Thursday, May 1, 2008

What is our focus?

At Exponential 2008 I had signed up for the "Missional Church" main session. I was not sorry or dissatisfied with my choice. It was a great opportunity to hear from three leading thinkers in the realm of "Missional" church planting.

Ed Stetzer is a missiological genius. If you poked him he would bleed missiology. His thoughts on this whole concept are not new, they are Biblically rooted and go all the way back to the beginning. God is a missional God. He sent His Son, the Son sends us. Ed is not proposing some new model for church planting. He is simply calling the church back to its mission; to be the missionary that will go into the community and its culture and make Christ known.

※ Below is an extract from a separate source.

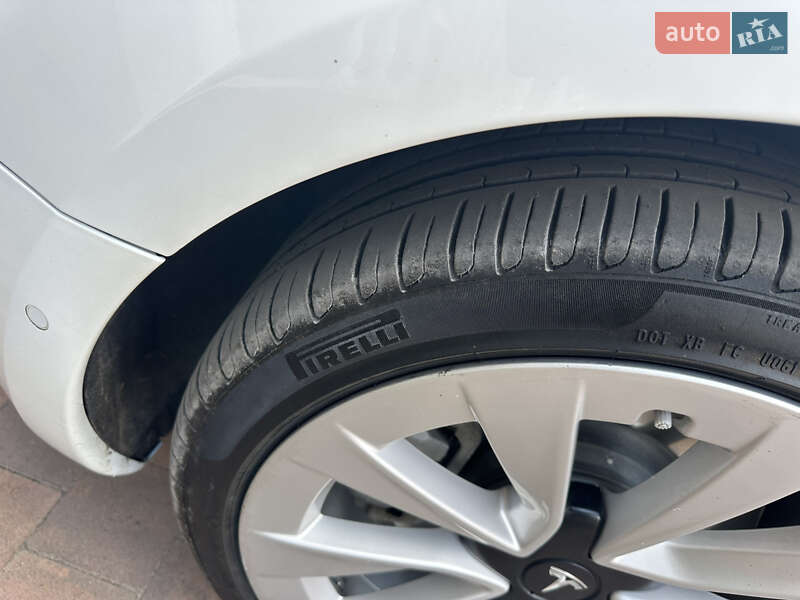 Седан Tesla Model 3 2021 в Киеве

Neil Cole says that small and simple is more easily reproducible than large and complex. He has proven this concept to be true as he has literally planted hundreds of smaller house churches and cell groups. Neil points out the obvious (what should be obvious) when he states that "where two or three are gathered, there I will be in their midst." Neil also proposes a decentralization of leadership within the local church, which allows the church to grow naturally (organic). Organic churches are self-supporting, self governing and self-reproducing. I can identify with this concept, It resonates with me. I can see gatherings of 12-50 being more easily reproduced. This cuts out the need for large buildings and large budgets, as well as being more relational. 10 gatherings of 50, spread out over a region would reach more people than one central gathering of 500.

Alan Hirsch is truly a prophet for our time and needs to be listened to.
I found Alan Hirsch's position on the centrality of Christology hitting a nerve in the core of my inner being. That is exactly what I've been thinking about these past three years as I have planted the CORE Church of Troy; getting back to that Christ centered focus.

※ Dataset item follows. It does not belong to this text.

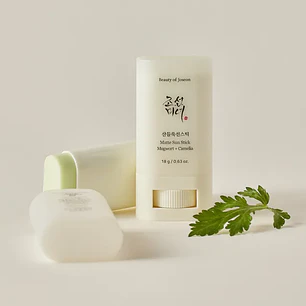Matte Sun Stick: Mugwort+Camelia SPF50 PA++++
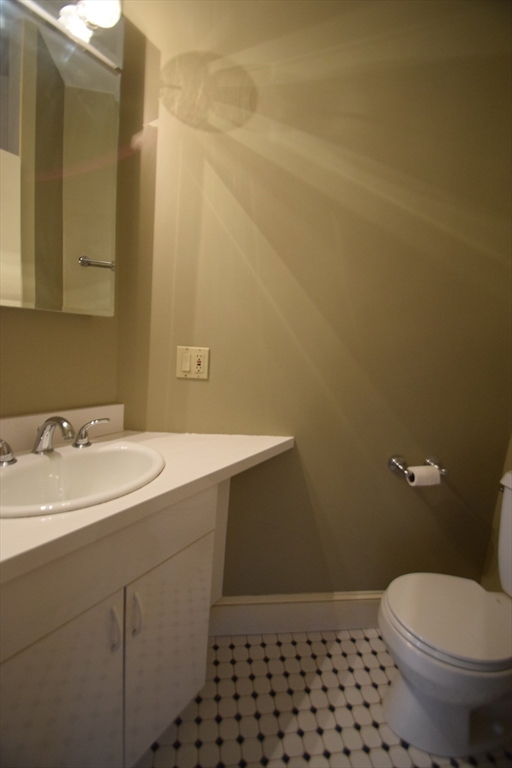 141 Beaconsfield Rd, Brookline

The Pauline concept, For I decided that while I was with you I would forget everything except Jesus Christ, the one who was crucified.(1 Cor.2:2) cuts through a lot of arguments over theological and religious opinions. The people in my inner-city neighborhood need to see Jesus through the works of our local church. They need to know that God loves them and has not forgotten them. Thanks, Alan Hirsch, for confirming what I've been thinking and for adding your own insights.